9/10 Palme d’Or-winning Anatomy of a Fall is another film that captivates by being a lot of different things at once. The evolving blend of personal and legal and of fact and fiction paint a complex portrait of human life, how it’s perceived and how it’s processed in hindsight.
Grenoble, France- writing professor Samuel Maleski (Samuel Theis) has fallen to his death in a suspicious manner, and his wife, novelist Sandra Voyter (Sandra Hüller), was the only other person in the house at the time. She falls under an aggressive, speculative murder prosecution that never has any evidence, but interrogates Voyter’s marriage and art for possible motives. This is accompanied by a media frenzy that is mostly offscreen, but hangs over the film.
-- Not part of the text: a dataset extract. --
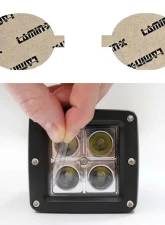 Lamin-X Volvo V50 2004-2011 Clear Fog Light Covers                                     - V110CL - Image 4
Voyter is German and Maleski was French – they met and married in London and spoke English in the home, but had moved back to Maleski’s hometown as the marriage spiraled downward. Voyter’s French isn’t strong enough for a trial or daily interactions with government officials. Additionally, because the couple’s young son, Daniel Maleski (Milo Machado-Graner), is considered a key witness and the defendant is going home with him every night, court officer Marge Berger (Jehnny Beth) is assigned to basically move in with them and make sure they’re never alone together, and they also have to explain all this to Daniel as it’s all happening.